Prime Minister Kyriakos Mitsotakis is expected to convene a meeting Monday, June 29, at the Maximos Mansion, to discuss one of the issues weighing most heavily on Greek households: the high cost of everyday goods. The talks will focus on whether the government should scrap or extend the cap it has placed on the gross profit margins that companies selling consumer goods are allowed to make. The measure expires Tuesday, June 30, and what replaces it will shape grocery prices in the months ahead.
Development Minister Takis Theodorikakos, Spyros Theodoropoulos, chairman of the Hellenic Federation of Enterprises, Ioannis Yiots, president of the Federation of Hellenic Food Industries, and Yiannis Masoutis, who leads the Greek supermarkets union, are expected to attend.
Price cuts or a profit cap
The government has framed the choice as a binary one. In recent remarks to TV channel MEGA, Theodorikakos said that without an agreement on price cuts after the summer, the cap on food would remain.

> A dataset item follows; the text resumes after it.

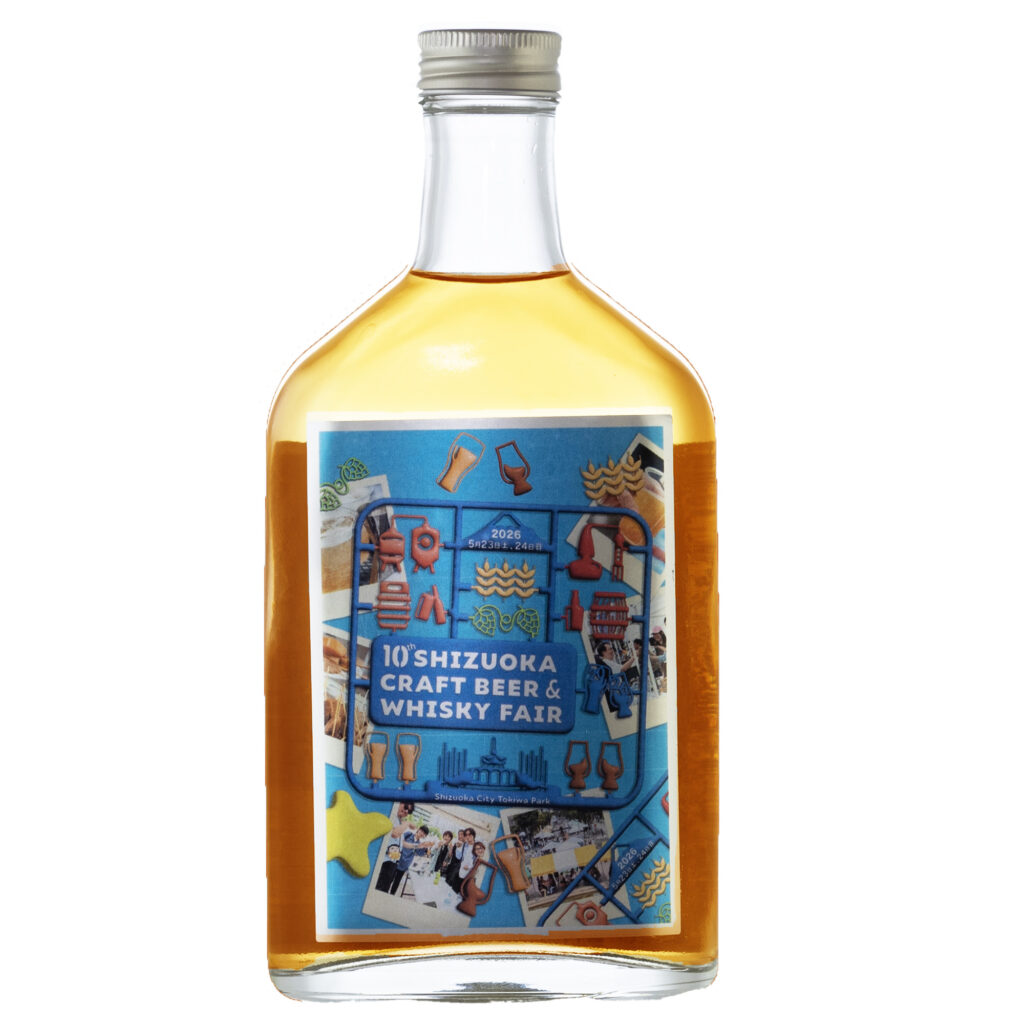 ディスティラリーリザーブ – 静岡蒸溜所 | Shizuoka Distillery | 静岡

Either manufacturers and supermarkets reach a deal that delivers noticeable price cuts on basic goods, the argument runs, or the state keeps intervening in their profit margins.
Mitsotakis’s decision to chair the meeting himself is, by the government’s own account, largely symbolic, intended to signal that he treats the problem as a priority and is taking ownership of it. Theodoropoulos’s presence cuts two ways. He attends as head of the country’s main business federation, but also, unofficially, as an industrialist in the food sector. It is a field where raw material costs can swing sharply. Cocoa prices, for instance, have risen and fallen on international markets, rattling makers of chocolate and other confectionery.

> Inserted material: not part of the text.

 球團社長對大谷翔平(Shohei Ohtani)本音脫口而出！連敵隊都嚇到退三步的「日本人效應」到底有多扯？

Two scenarios on the table
Two options are expected to be weighed, according to the reporting.
Under the first, the margin cap would be lifted on July 1, with a pledge that price cuts on a range of basic consumer goods would reach shelves from Sept. 1. The reductions, the government says, would be visible to shoppers and would cover several hundred essential product codes.
Under the second scenario, the cap would be extended by two months, until Aug. 30. The government’s argument is that the period that matters for consumers only begins on Sept. 1.
Policing the market
In both cases, the job of identifying which products are covered would fall to Despina Tsagari, who heads the independent authority for market oversight and consumer protection. Drawing on retail data from the research firms Nielsen and Circana, she would compile a list of several hundred essential items and then push manufacturers, Greek and multinational alike, to lower their prices from Sept. 1.
Supermarkets would be expected to go a step further, shaving an additional margin off the cuts passed down by their suppliers. By their own account, they have no objection.
The companies for their part, are expected to highlight the effects of the US-Iran war. Since the Middle East conflict broke out, they say, they have swallowed higher shipping and packaging costs rather than pass them to shoppers, squeezing their own margins in the process.